We have become used to the idea of “cloud” computing, which means both storing data and and doing processing that is distributed across many remote systems. We are just beginning to understand “the internet of things” (IOT) which is the concept that most “things” in our day to day life can become connected, can handle input and output, and can do some fundamental level of processing locally.

“Fog computing” combines cloud computing with IOT. Since there will eventually be a huge number of “things” on the internet, each with some capability to store data and process calculations, it will become possible to distribute data and processing across those things.

Fog networking architecture has the potential to improve efficiency in network communications by shortening the distance and allowing at least preliminary processing to take place closer to the local point of origination.

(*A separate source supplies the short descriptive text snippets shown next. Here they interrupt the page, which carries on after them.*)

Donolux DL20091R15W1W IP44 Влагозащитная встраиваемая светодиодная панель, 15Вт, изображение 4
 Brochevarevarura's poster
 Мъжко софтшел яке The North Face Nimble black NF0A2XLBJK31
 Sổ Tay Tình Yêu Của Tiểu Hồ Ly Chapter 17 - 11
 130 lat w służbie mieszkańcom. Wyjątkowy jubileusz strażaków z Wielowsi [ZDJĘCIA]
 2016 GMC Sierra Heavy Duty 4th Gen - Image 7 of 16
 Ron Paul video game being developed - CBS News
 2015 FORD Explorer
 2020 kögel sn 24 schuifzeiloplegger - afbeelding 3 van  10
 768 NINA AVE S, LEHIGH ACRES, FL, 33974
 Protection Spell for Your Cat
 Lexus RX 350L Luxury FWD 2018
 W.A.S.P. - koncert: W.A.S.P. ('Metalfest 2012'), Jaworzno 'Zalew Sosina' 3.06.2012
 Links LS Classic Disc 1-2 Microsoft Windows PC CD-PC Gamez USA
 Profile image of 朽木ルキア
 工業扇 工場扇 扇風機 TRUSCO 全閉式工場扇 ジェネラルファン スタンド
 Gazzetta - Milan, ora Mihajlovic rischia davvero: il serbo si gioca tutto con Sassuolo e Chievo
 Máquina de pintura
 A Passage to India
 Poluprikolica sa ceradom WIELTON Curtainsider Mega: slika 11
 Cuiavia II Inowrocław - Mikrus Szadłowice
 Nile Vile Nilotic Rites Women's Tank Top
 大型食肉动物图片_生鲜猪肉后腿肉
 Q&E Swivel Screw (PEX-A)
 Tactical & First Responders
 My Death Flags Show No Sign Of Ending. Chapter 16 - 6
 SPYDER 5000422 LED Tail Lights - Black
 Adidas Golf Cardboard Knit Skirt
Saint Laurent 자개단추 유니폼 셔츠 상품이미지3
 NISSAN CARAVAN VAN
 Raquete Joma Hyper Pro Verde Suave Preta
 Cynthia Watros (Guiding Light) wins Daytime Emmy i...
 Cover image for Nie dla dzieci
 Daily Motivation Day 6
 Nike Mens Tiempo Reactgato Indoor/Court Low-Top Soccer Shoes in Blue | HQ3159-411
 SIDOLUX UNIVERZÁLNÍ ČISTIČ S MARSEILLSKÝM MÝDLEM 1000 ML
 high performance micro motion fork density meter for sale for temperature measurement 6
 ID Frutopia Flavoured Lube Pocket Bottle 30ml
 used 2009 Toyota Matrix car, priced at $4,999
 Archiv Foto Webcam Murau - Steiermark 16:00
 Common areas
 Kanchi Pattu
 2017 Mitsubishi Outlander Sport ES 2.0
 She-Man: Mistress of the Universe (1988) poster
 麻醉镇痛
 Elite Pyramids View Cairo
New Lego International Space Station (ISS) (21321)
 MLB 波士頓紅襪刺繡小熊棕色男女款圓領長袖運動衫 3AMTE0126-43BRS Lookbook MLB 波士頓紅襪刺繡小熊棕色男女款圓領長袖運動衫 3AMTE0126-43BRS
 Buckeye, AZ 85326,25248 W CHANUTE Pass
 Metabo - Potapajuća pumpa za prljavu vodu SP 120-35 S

Fog Networking: An Overview on Research Opportunities – [princeton.edu]

A. Introduction
The past 15 years have seen the rise of the Cloud, along with rapid increase in Internet backbone traffic and more sophisticated cellular core networks. There are three different types of “Clouds:” (1) data center, (2) backbone IP network and (3) cellular core network, responsible for computation, storage, communication and network management. Now the functions of these three types of Clouds are “descending” to be among or near the end users, i.e., to the edge of networks, as “Fog.”

We take the following as a working definition of Fog Networks: “It is an architecture that users one or a collaborative multitude of end-user clients or near-user edge devices to carry out a substantial amount of storage, communication and management.” Architecture allocates functionalities. Engineering artifacts that may use a Fog architecture include 5G, home/personal networking, and the Internet of Things.